Prima di analizzare le differenze che ci sono tra i diversi Stati che hanno deciso di inserire questo tipo di pratica nei propri ordinamenti giuridici per punire i reati sessuali, è necessario sgomberare da subito il campo da un equivoco che molto spesso genera confusione quando si parla di questo tema. Molti credono, a torto, che la così detta castrazione chimica sia un tipo di intervento fisico o chirurgico, ma, salvo alcune rarissime eccezioni, non è così; è, invece, una terapia farmacologica attraverso cui vengono ridotti, grazie alla somministrazione di alcune sostanze, gli ormoni sessuali e, di conseguenza, anche la libido, le pulsioni sessuali e la funzionalità del soggetto che subisce il trattamento.
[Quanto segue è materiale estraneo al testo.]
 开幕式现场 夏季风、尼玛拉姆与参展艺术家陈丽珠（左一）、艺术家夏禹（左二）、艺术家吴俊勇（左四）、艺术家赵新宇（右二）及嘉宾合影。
Inoltre, è, al contrario di un intervento chirurgico, una terapia per lo più reversibile, che dovrebbe cessare di agire nel momento in cui viene sospesa la somministrazione dei farmaci, anche se su questo aspetto la comunità scientifica non è unanimemente d’accordo. Altra caratteristica fondamentale che contraddistingue la castrazione chimica, almeno tra i confini europei, è quella che riguarda la volontarietà del trattamento: nei 13 Paesi europei in cui è prevista – Germania, Svezia, Finlandia, Francia, Regno Unito, Belgio, Polonia, Norvegia, Lituania, Ungheria, Estonia, Islanda – l’adesione avviene, in generale, sempre per via volontaria e informata e mai obbligatoria, sebbene con alcune differenze. Nella maggior parte dei casi, infatti, il condannato può scegliere se fare ricorso alla terapia oppure no in base alle diverse norme in vigore, salvo nel caso della Polonia, dove invece questa pratica risulta essere obbligatoria nei casi in cui lo stupro riguardi un minore o un parente stretto. Ma anche tra gli Stati in cui vige il principio di volontarietà ci possono essere delle differenze sostanziali, specie per ciò che riguarda le limitazioni normative previste dai vari codici. Ad esempio, in Svezia, Finlandia e Germania la castrazione chimica, pur essendo opzionale, è sempre vietata al di sotto una certa soglia d’età, che varia dai 20 ai 25 anni, a seconda della legislazione del Paese.

 

E sempre in Germania, così come in Danimarca e Norvegia, ci sono limitazioni anche per ciò che riguarda il profilo psicologico del condannato che voglia ricorrere alla terapia farmacologica: per ricevere l’autorizzazione è infatti necessaria una perizia specialistica che attesti come il soggetto sia vittima di impulsi incontrollabili che lo possano portare in futuro a commettere di nuovo reati a sfondo sessuale. In Belgio, invece, la castrazione chimica, pur non essendo formalmente prevista dalla legge, può essere offerta al condannato direttamente dal giudice in cambio della libertà condizionale, ma sempre ed esclusivamente su base volontaria e dopo che il soggetto sia stato informato dei possibili rischi per la propria salute. Ci sono poi Paesi come la Finlandia in cui questa pratica non viene strettamente intesa come una pena da infliggere al condannato, quanto piuttosto come una terapia che possa contribuire a ristabilire la salute mentale di chi la richiede. Molto diverso è, invece, l’approccio statunitense: nelle legislazioni degli Stati Usa che vi fanno ricorso - California, Florida, Georgia, Louisiana, Montana, Oregon, Texas e Wisconsin – la volontarietà non è contemplata, essendo la castrazione chimica intesa come pena da infliggere al condannato e dunque sempre obbligatoria.